Event-artworks seem to be increasingly common, enabling viewers to immerse themselves in pictures by famous artists (Vincent Van Gogh, Gustav Klimt, Frida Kahlo, etc.), paintings that never were created to be projected thanks to the electronic wizardry of augmented reality. In such a conjuncture, the show is especially welcome. It invites the public to discover works that were specifically designed in fact to be immersive, a “novelty” that goes back over 70 years.
In a closed environment, these artworks allow us to enjoy a new experience that addresses the body and the senses. Fashioning a clean break with daily life, the pieces offer the chance to connect with an alternative reality. From that moment on, the audience and the work of art are part of the same ecosystem.
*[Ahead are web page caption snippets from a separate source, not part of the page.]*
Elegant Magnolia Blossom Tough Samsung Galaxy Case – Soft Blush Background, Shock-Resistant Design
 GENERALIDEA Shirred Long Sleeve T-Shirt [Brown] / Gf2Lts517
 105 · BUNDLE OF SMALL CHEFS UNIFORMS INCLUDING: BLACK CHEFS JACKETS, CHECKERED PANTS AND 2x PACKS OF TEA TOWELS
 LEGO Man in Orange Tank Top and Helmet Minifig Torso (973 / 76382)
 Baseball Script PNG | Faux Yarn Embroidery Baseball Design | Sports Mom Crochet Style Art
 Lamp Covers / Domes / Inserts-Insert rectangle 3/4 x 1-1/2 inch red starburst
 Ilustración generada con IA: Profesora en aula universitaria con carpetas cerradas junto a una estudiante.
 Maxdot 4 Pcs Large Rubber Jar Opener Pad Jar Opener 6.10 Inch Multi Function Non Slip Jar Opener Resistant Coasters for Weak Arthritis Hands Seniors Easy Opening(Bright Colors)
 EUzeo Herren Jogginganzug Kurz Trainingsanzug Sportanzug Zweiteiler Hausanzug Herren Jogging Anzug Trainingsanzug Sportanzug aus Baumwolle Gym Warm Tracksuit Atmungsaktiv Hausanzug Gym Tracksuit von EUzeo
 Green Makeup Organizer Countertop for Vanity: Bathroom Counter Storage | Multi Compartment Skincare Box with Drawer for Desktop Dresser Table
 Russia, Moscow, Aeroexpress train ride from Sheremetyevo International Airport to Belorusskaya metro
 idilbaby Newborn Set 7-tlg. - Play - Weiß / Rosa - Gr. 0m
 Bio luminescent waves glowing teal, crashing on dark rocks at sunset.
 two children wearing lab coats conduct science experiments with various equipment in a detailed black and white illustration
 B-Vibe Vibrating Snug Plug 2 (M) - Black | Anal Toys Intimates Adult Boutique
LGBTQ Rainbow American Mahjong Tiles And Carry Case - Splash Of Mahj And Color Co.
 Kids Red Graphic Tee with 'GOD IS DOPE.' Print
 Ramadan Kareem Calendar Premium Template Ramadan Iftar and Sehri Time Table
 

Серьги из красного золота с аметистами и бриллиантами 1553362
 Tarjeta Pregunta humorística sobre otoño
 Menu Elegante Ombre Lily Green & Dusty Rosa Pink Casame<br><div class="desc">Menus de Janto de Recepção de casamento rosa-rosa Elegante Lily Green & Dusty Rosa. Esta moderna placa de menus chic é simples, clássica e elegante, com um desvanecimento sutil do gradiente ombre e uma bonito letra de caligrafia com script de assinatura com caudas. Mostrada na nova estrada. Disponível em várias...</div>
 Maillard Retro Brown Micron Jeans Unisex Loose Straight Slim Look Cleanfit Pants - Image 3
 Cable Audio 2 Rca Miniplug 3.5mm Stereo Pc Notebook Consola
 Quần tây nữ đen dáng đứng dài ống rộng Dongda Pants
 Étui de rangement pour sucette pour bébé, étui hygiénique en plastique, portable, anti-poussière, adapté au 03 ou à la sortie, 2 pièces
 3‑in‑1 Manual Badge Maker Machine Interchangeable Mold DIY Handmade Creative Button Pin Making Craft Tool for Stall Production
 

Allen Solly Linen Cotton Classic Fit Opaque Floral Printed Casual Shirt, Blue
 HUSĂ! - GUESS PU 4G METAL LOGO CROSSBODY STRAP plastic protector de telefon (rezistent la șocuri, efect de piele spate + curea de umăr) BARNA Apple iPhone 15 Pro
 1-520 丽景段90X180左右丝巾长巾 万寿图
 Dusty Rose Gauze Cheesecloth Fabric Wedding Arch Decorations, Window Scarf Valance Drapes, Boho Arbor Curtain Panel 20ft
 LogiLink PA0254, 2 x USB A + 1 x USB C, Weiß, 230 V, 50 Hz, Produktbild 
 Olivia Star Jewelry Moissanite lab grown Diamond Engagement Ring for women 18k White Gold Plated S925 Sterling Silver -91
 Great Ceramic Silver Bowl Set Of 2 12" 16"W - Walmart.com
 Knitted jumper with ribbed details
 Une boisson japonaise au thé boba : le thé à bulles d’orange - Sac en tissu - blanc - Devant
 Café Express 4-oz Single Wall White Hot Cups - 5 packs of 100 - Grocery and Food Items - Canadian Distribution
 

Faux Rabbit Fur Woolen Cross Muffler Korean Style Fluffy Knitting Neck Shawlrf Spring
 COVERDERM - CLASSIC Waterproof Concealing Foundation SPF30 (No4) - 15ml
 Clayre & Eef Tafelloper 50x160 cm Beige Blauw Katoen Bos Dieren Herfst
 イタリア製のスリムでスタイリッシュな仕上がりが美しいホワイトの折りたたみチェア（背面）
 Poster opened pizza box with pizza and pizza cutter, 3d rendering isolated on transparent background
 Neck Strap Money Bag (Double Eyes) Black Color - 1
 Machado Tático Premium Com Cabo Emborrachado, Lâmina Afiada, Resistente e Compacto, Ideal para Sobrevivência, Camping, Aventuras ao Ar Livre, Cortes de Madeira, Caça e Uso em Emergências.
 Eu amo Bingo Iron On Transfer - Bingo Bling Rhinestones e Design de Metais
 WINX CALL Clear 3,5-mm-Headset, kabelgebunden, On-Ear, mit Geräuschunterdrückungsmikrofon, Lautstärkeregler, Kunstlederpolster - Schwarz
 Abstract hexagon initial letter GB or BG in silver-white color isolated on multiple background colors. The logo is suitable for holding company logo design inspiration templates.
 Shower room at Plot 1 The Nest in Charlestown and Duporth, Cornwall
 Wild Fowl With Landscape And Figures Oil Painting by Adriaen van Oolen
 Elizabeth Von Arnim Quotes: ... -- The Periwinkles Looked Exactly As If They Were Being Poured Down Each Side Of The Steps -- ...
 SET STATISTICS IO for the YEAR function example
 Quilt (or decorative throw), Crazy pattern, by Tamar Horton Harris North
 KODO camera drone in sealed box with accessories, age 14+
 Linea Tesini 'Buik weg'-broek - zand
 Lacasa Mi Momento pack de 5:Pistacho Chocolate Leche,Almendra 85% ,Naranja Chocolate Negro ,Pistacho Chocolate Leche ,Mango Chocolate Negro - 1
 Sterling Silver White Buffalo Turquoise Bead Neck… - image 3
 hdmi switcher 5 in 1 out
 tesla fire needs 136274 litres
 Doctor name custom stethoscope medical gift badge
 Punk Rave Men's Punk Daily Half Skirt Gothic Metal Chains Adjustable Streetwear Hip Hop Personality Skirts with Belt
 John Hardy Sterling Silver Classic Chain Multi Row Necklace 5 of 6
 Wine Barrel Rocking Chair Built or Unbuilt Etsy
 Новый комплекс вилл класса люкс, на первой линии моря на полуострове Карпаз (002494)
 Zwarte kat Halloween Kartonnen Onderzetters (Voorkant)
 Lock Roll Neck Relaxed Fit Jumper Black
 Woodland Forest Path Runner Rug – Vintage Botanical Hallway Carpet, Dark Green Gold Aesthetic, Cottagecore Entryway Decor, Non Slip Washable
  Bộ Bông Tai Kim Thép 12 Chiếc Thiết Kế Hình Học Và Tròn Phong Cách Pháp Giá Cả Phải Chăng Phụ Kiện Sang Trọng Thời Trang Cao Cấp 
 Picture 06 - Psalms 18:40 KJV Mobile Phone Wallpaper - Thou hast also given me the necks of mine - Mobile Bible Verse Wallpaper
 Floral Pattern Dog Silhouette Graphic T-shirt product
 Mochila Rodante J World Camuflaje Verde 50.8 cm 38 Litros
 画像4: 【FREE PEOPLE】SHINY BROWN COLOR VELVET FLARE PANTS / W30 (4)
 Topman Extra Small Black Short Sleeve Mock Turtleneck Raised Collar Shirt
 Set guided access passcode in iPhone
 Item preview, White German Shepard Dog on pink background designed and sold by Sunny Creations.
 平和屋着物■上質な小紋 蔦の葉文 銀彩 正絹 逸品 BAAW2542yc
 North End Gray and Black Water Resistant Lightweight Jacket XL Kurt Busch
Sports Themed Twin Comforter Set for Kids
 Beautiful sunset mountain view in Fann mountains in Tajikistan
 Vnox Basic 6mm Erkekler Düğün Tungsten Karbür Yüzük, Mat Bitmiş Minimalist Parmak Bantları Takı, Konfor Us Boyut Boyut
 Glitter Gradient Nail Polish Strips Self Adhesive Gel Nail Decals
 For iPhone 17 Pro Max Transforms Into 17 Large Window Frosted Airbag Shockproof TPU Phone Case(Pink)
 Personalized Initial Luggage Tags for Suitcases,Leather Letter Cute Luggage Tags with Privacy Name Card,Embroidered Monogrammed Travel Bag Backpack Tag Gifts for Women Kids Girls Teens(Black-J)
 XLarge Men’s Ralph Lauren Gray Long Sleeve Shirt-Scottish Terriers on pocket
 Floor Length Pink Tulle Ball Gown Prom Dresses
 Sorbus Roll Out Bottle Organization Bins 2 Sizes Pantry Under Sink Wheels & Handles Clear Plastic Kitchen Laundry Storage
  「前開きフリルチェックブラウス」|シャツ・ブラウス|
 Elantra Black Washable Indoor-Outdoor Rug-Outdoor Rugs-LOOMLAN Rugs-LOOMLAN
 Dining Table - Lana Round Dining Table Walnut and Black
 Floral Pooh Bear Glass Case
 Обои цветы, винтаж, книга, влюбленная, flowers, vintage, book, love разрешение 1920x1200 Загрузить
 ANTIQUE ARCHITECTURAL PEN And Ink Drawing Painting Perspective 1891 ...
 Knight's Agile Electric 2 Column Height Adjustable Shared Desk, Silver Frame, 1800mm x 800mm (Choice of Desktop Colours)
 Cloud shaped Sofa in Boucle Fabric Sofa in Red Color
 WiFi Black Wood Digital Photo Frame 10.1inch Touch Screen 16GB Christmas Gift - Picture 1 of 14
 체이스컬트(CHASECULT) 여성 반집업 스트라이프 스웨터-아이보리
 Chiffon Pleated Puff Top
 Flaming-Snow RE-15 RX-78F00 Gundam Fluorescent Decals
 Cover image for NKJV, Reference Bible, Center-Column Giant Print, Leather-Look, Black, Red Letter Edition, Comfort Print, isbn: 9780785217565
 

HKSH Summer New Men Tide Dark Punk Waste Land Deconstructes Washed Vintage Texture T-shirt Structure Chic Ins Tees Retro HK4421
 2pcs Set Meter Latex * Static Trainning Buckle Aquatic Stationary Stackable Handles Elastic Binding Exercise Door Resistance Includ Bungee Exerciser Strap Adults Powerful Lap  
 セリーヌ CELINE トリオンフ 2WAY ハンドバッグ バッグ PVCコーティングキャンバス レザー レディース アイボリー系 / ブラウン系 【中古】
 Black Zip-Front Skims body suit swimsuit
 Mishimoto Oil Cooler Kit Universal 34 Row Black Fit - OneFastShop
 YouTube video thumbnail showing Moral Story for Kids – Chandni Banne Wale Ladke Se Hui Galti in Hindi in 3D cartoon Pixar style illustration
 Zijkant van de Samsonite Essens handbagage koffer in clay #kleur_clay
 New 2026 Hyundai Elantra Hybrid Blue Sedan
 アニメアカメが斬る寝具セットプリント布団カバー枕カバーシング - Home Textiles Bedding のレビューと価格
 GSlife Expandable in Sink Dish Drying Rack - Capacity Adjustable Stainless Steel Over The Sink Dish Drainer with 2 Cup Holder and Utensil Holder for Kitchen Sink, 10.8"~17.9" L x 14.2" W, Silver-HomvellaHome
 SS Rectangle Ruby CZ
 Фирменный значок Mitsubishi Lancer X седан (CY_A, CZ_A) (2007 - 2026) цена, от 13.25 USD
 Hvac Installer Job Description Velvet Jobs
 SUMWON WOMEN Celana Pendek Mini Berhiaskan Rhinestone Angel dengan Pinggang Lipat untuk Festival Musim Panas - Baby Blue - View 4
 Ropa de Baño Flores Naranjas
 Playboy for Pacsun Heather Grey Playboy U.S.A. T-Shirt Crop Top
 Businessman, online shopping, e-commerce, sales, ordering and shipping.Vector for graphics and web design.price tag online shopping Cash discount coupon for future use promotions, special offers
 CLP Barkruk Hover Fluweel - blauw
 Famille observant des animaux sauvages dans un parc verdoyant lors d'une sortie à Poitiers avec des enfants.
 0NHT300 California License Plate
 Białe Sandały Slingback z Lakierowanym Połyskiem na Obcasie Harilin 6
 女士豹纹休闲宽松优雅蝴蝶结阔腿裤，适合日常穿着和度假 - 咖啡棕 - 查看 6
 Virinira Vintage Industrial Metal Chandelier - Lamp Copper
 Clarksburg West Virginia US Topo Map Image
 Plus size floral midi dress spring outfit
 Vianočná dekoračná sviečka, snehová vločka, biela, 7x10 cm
The 1950s and 1960s correspond to a moment in time when imagery and the imagination with respect to space were expanding. Those decades also witnessed a questioning of how the artwork was traditionally perceived and the development of means and approaches that would become experimental. Interest in immersive art, moreover, appears around the same time as the desire to democratize the space of the museum, favoring greater inclusion of the people venturing into its galleries.
During the confinement caused by the COVID-19 pandemic, sensory deprivation reduced our activities to purely visual informative ones. Today placing the body once again in art’s relationship to the museum has become especially important. The show puts experience at the heart of our encounter with art; it offers a reconnection between the body and space and invites us to a multisensory perception and understanding.